Belediye her şeyi o kadar özendirici ve ayrıntılı düşünmüş ki sizin dövizlerinizi ve flamalarınızı bile onlar yaptırmaya hazır, yeter ki siz gelin. İşin en traji-komik yanı ise bu ne biçim bir tiyatro, ne biçim bir sanat gösterisidir dedirtecek resmi kalemden çıkma olduğunu düşündürten kutlama anlayışıdır. Şu satırlara bakarsanız bu bir sanat şöleni mi resmi bayram geçiti mi sanıyoruz bir karar verirsiniz. 24 Mart günü Taksim Meydanı'nda her grubun başına bu dövizler verilecek. Sonra gruplar alfabetik sıra ile tek sıra halinde geçide katılacak. Her grup kendisi kendi içlerinde nasıl tek sıraya gireceklerini ayarlasınlar lütfen. Bir Gruba ait olmayan kişilerde Bağımsız Sanatçılar adı altında katılabilirler. Amacımız asla sizin kutlamanız mı daha muhteşem bizim ki mi daha iyi yarışı değil. İstediği kadar katılımlı yada muhteşem olabilir. Hatta bu proje sanatçılar tarafından belediyeye sunulmuş olabilir. Fakat her yıl çok sayıda belediyeye böyle projeler sunulur ama neden bu yıl kabul görmüş?

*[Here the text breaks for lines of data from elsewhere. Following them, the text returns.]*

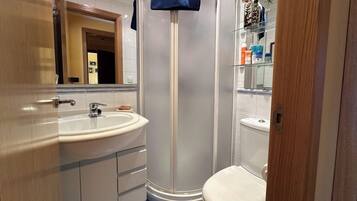 Regadera, secadora de cabello, toallas, papel de baño
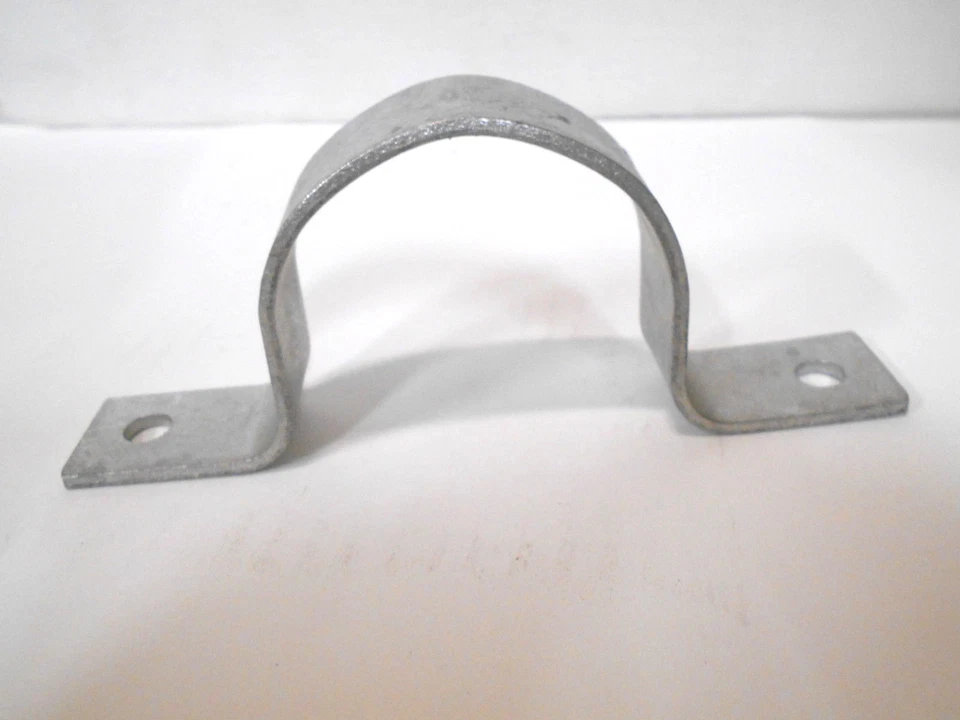 Abrazadera de correa EMT de dos orificios 2-1/2” P/N: 25-80400 #40 T-40 CANTIDAD20  Foto 1 de 1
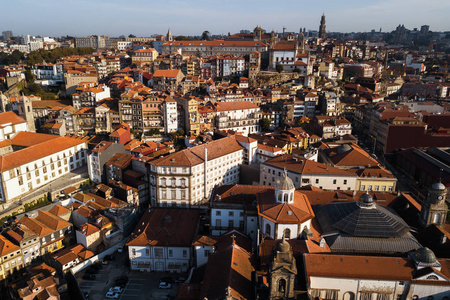 葡萄牙波尔图老市中心的鸟瞰屋顶。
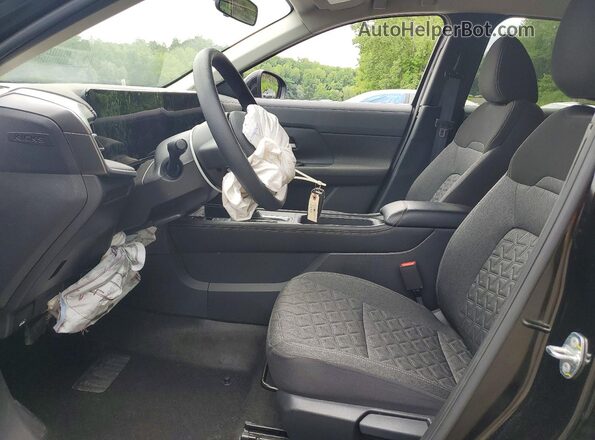 3N8AP6CB6SL369567 2025 NISSAN KICKS Black Вид салону спереду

Türkiye Cumhuriyeti tarihinde ilk defa bir AKP'li iktidar sanat kurumlarını yıkacağını alay eder gibi açıklarken, tiyatro sanatına darbe üstüne darbe vururken ve sanat düşmanı karanlık yüzünü gizleme gereği bile duymadan sergilerken, bu kadar tiyatro ve sanat derneği ilk defa bir araya gelmiş ve Türk Tiyatro tarihine geçecek bir girişimi başlatırken bir takım topluluklarımızın bu sanat kurumlarını yıkan karanlık iktidarın bir diğer temsilcileri ile kolkola bir karşı organizasyonu yapabilmesi düşündürücüdür.

Onlardan beklenen oluşan bu sanat cephesi içinde yer almalarıydı sanat düşmanlarının sunduğu elma şekerine tav olmak değil. Biz bu karşı grev gibi duran girişimi şiddetle kınıyor, bunun içerisinde bu oyuna dahil olanları tiyatromuzun bu zor günlerinde aldıkları bu gölgeleyici tavırlarıyla asla unutmayacağımızı açıklayarak bir kez daha düşünmeye davet ediyoruz. Biz inanıyoruz ki bu sanatçı dostlarımız bu niyetle yola çıkmadı bu niyetle bu organizasyona katılmadı. Ama onlar bu amaçta olmasalar da birileri bu amaç için bu organizasyonu desteklemekte yürütmekte bu çok açık. Onlara düşen Sanat dünyasının yanında zaten haftalardır ilan edilmiş ve hazırlığı süren ortak organizasyonda olmaktır.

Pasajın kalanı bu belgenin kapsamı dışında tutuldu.